Better to know going into marriage that children are a must for one or both of you-- and plan out a strategy you agree mutually that you will pursue if, God forbid, the old-fashioned way of increasing your family isn’t going to work. 

How Do You Envision Raising Children?

How we each want to or expect to raise children in a family can sometimes demonstrate serious-- possibly even insurmountable-- differences of opinion in a relationship. Trust us, you don’t want to find this out with a 2 year old and number two on the way. 

Having an evolving series of open discussions about this topic can spare considerable frustration-– even heartbreak. You need to know:

  • What behaviors your significant other won’t tolerate in children-- and why. 
  • How you plan to discipline any kids you have-- and why. 
  • Who will be responsible for meeting certain needs for the child-- especially in the early years that come first! 
  • When you think the kids ought to be more independent and when each partner should expect them to be closer to Mommy and Daddy.

We’re not saying plan out pre-K to move-out, but some forethought and discussion together before bringing another person into the damn world is a good idea. A degree of preparation can allay 212 degrees of boiling anger once you’re in the  family circus with kids and there’s no enjoyable, desirable or honorable way out after you realize your parenting ideas are the COMPLETE OPPOSITE of your husband/wife.

When parents can’t be on the same page regarding the raising of children, it can create conflict for the children (duh!) but it’s also among the primary reasons for a couple falling out of love…and the big reason behind more than one once-promising marriage and family household coming to a bitter end.

Are You Religious? 

This has been one of the most important questions to ask before getting married since time immemorial. When it comes to religion, people tend to have strong feelings. Religious differences can substantially impact everything from lifestyle choices to the way kids are raised. It’s especially strong when one partner has a long family tradition of children being raised in a certain faith tradition. After all, you very well could feel like you’re planning to get married to a man or woman who seems like he or she is already married to his/her parents’ religion! 
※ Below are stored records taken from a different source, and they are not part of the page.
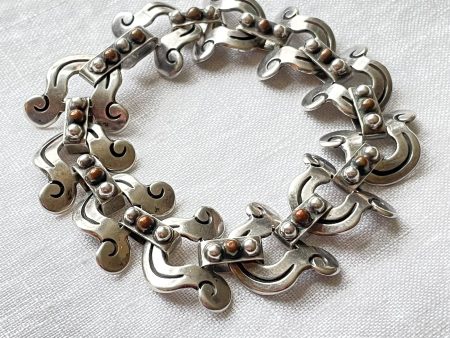 Vintage Antonio Pineda 980 Silver Copper Bracelet, Taxco Silver 8 1 4  L Fashion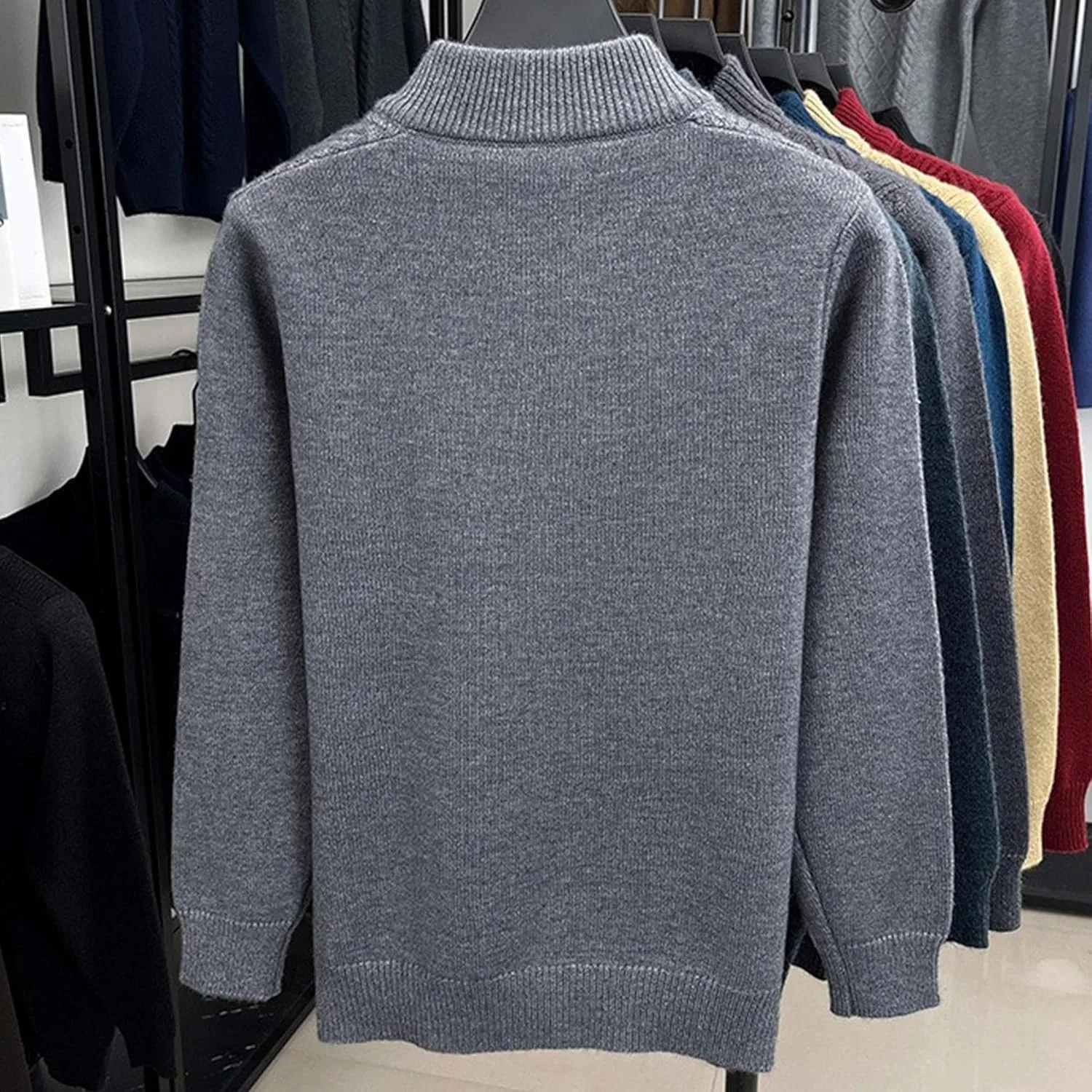 Мужской пуловер с воротником стойкой и четвертью пуговиц, Slim Fit, зимний, утепленный — фото 4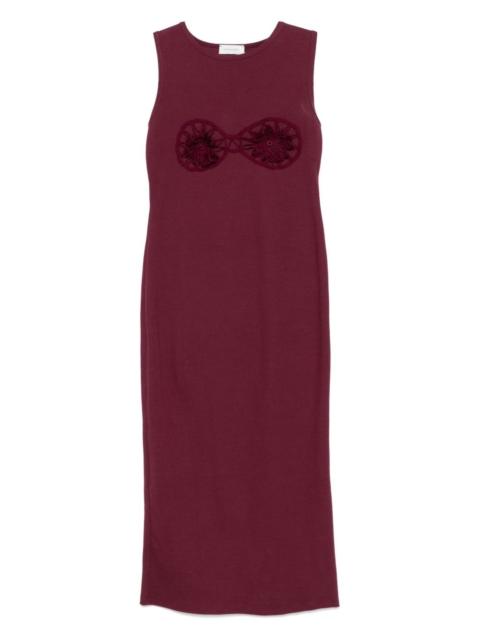 MAGDA BUTRYM flower-appliqué midi dress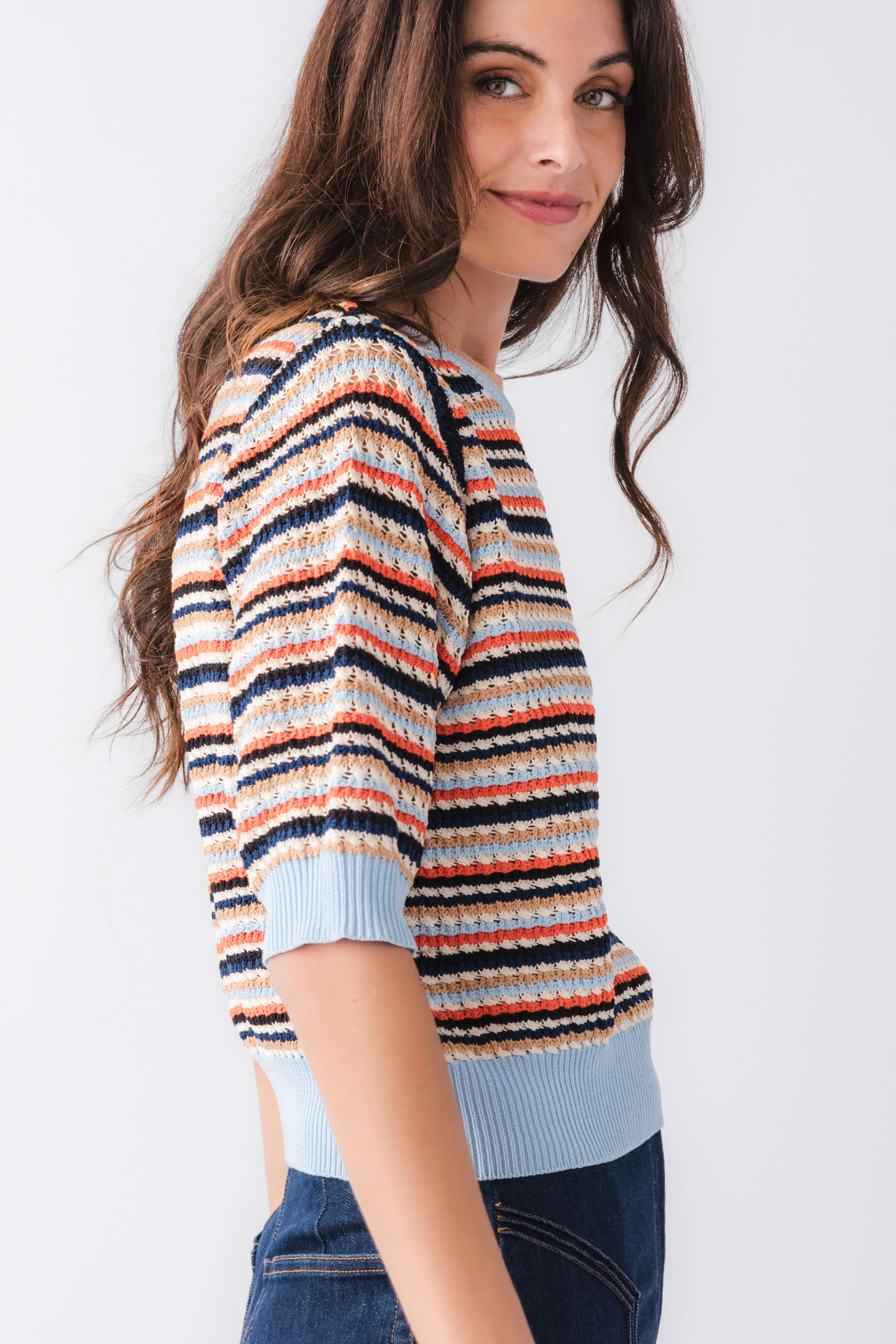 THML Striped Crochet Top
And cross-cultural, interfaith marriages? Whoa, now you’re looking at some serious spiritual dynamite on the road to the earthly altar! 

What about you and your intended husband/wife? Is your potential spouse religious or not religious at all? How do you feel about their religious choices and values? 

The fact is, our spouse’s religious beliefs can have a strong impact on our lives. We aren’t at all saying compatibility means you must share a certain faith. Not at all. But it’s imperative that you and he/she be okay with your religious differences, if any, and resolve to go in to a marriage together with eyes wide open.  

What Are Your Political Beliefs?

Do you or your potential spouse have strong political beliefs? Political leanings often relate to a person's values (or even their identity). We all know that politics can divide a country, but did you realize how hard it can be to find a middle ground with a couple so far divided to the left and the right on certain topics? 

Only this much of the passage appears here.